FIG. 5 is a flow diagram illustrating one embodiment of a method for identifying and replacing pure functions in a computer program. At 502, the computer program is parsed to identify pure function calls with pure function identifier 102. In one embodiment, pure function identifier 102 parses the computer program to identify pure functions based on a predetermined rule defining which function is a pure function. At 504, computed results of the computer program are stored in storage 106 to be shared with at least one process. For example, two different processes can share the computed results. At 506, pure functions in the computer program are replaced with the stored computed results. In one embodiment, pure function modifier module 108 replaces the pure functions the stored computed results.
FIG. 6 is a flow diagram illustrating another embodiment of a method for identifying and replacing pure functions in a source code version of a computer program. At 602, a source code of the computer program is parsed to identify pure functions. For example, source code parser 202 parses the source code of the computer program. At 604, a function call chain is traced with call chain tracer 206 from functions marked as pure but with possible call-related exceptions to the functions called. In one embodiment, the source code of the computer program includes an object-oriented language. At 606, pure functions are identified in the source code 606.
FIG. 7 is a flow diagram illustrating one embodiment of a method for identifying and replacing pure functions in a compiled version of a computer program. At 702, blocks of code of a compiled version of the computer program that correspond to pure functions are identified. In one embodiment, compiled code block identifier 302 identifies blocks of code that correspond to pure functions. At 704, the identified blocks in the compiled version are parsed. For example, pure function code block parser 304 may be used to parsed the identified blocks in the compiled version. At 706, all blocks of code associated with pure functions are identified.
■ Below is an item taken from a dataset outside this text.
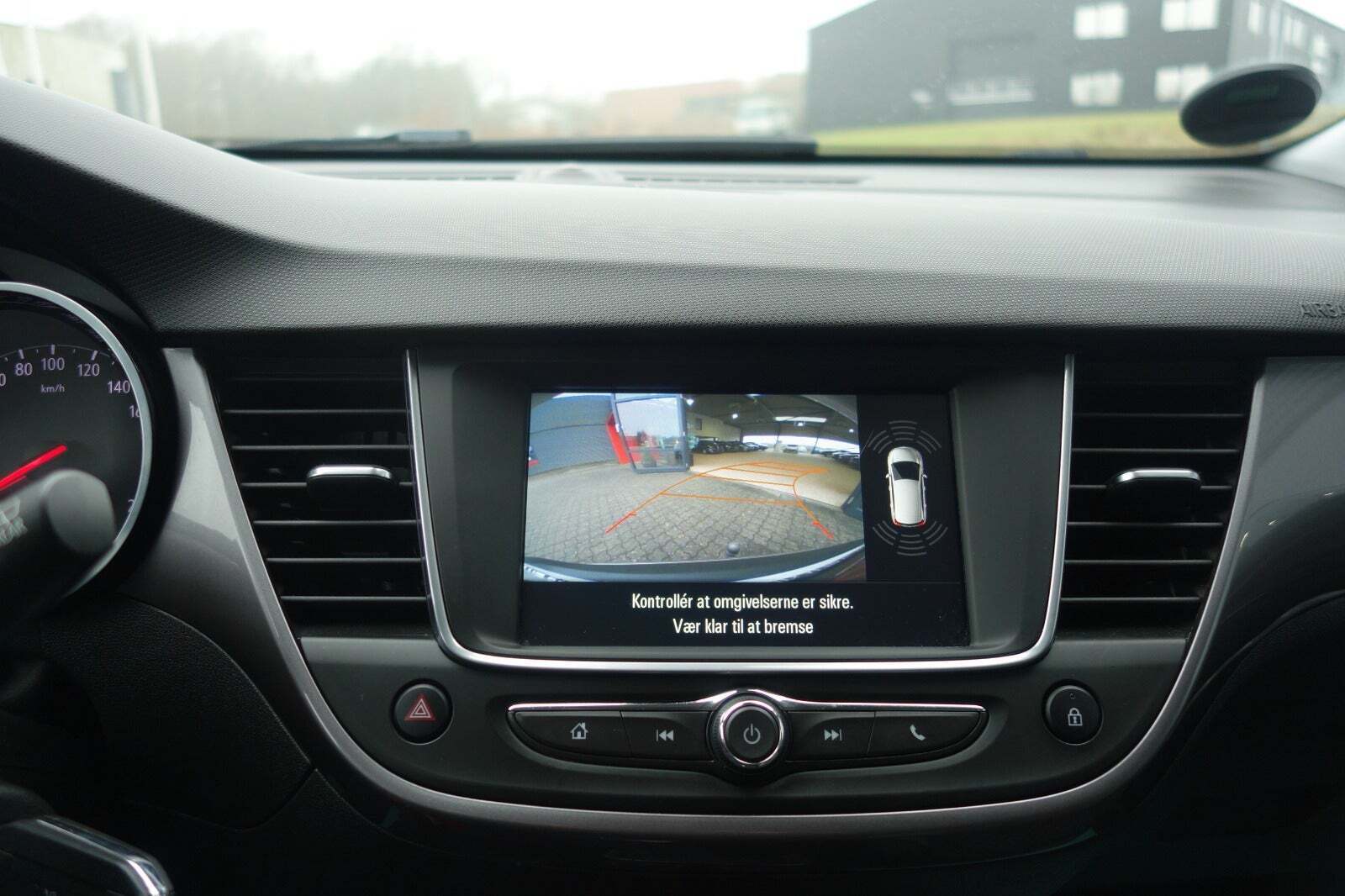 Hvid Opel Crossland X fra 2018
FIG. 8 is a flow diagram illustrating another embodiment of a method for identifying and replacing pure functions in a compiled version of a computer program. A compiled version of the computer program is parsed to determine a basic block structure. At 804, each blocks is examined for instructions that violate predefined purity constraints. At 806, each block is marked as pure, not pure, or pure given called functions are pure, based on the examination of each block.
FIG. 9 illustrates a diagrammatic representation of a machine in the exemplary form of a computer system 900 within which a set of instructions, for causing the machine to perform any one or more of the methodologies discussed herein, may be executed. In alternative embodiments, the machine may be connected (e.g., networked) to other machines in a LAN, an intranet, an extranet, or the Internet. The machine may operate in the capacity of a server or a client machine in client-server network environment, or as a peer machine in a peer-to-peer (or distributed) network environment. The machine may be a personal computer (PC), a tablet PC, a set-top box (STB), a Personal Digital Assistant (PDA), a cellular telephone, a web appliance, a server, a network router, switch or bridge, or any machine capable of executing a set of instructions (sequential or otherwise) that specify actions to be taken by that machine. Further, while only a single machine is illustrated, the term “machine” shall also be taken to include any collection of machines that individually or jointly execute a set (or multiple sets) of instructions to perform any one or more of the methodologies discussed herein.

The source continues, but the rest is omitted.